RabbitmqTooManyMessagesInQueue
This could still use more additions
Level: Critical
Purpose: This alert was made so that RabbitMQ doesn't fill up. It is usually indicative of something going wrong with the message processing from one of the applications which consumed the queue.
Scenario: There have been >1000 messages in the queue for 2m.
Resolution: There isn't a direct solution but it is important to ensure everything is operating smoothly. Sometimes the queue may suddenly increase due to a burst incomming messages that the applications can't process fast enough. In this case, just ensure everything is still functional and that the queue isn't increasing.
Manual Action Steps: Connect to RabbitMQ, typically hosted on port 15672 on a handler or loadbalancer
For example to connect to RabbitMQ on ExteNet:
https://extlb.ext:15672/#/queues
or
http://extapps2.ext:15672/#/queues
You can check specifically for what server RabbitMQ is on for an environment with this. https://docs.google.com/spreadsheets/d/1Ebj0kWPl63Q4L3f_oo_kvWoh5ZRq2vFI8FmrWbjoPlo/edit?usp=sharing Scroll across to see what RabbitMQ is running on.

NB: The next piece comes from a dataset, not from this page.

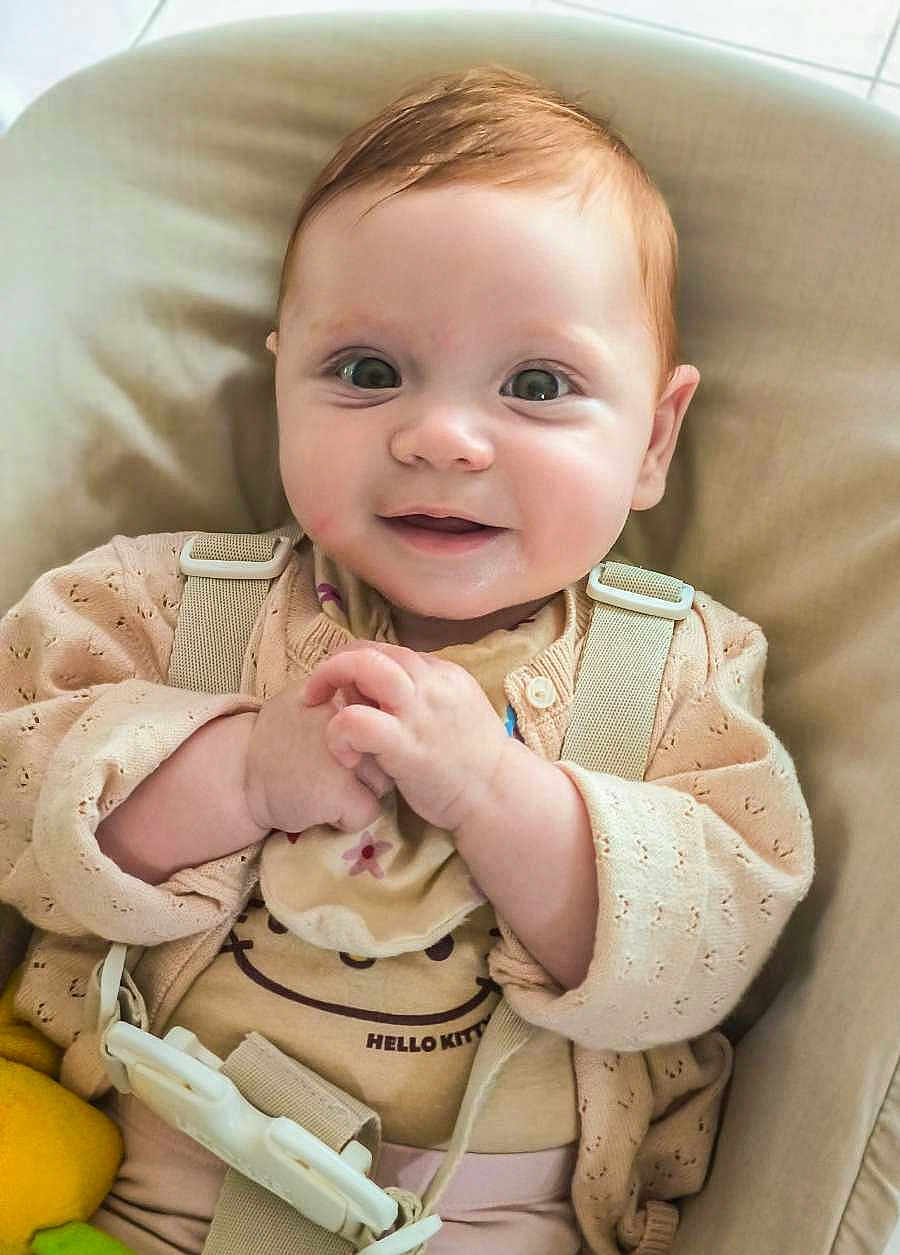Lilith participe au concours pour gagner de l'argent avec cette photo : baby, child, smile, face, hands, clothing, cardigan, hello_kitty, seat, straps, cushion, indoor, cute, happy, infant, person, portrait, young_child, skin, expression
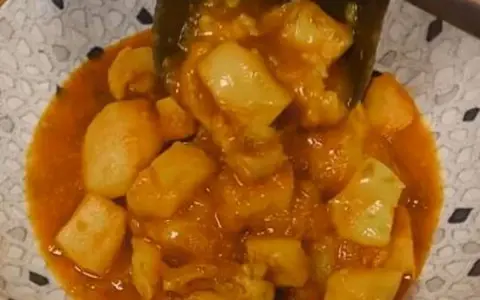 Un plato de papas con choco en una salsa naranja, servido en un cuenco con un patrón de puntos.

The authentication credentials are in pwsafe for the various environments.
Once you have signed in, check the queue in question and ensure if it isn't increasing. If it is still growing then it is critical to alert the rest of the team, as a restart may be required.
On of the first things to check is if the application is actually running or not. There are a few ways to do this.
Using the Application Version Monitor you can see the running status. Check how recently the monitor was run, as you may have to run it again and wait for it to finish http://opsjenkins.errigal.com:8080/job/application-version-monitor/ https://docs.google.com/spreadsheets/d/1Ebj0kWPl63Q4L3f_oo_kvWoh5ZRq2vFI8FmrWbjoPlo/edit#gid=1762968851
If you want something more immediate then you may have to SSH into a server. To check a server quickly you can use the following or similar:
For non-service application
ps aux | grep 'java' | grep -i 'snmp' ps aux | grep 'java' | grep -i 'reporting' ps aux | grep 'elastic'
With Ironman as an example
ssh scotty@ironmanlb1.err "ps aux | grep 'java' | grep -i 'snmp' " ssh scotty@ironmanapps1.err "ps aux | grep 'java' | grep -i 'snmp' "
For services
service mysql_exporter status systemctl status elasticsearch rabbitmqctl status
ssh scotty@ironmanlb1.err "rabbitmqctl status" ssh scotty@ironmanapps1.err "service mysql_exporter status"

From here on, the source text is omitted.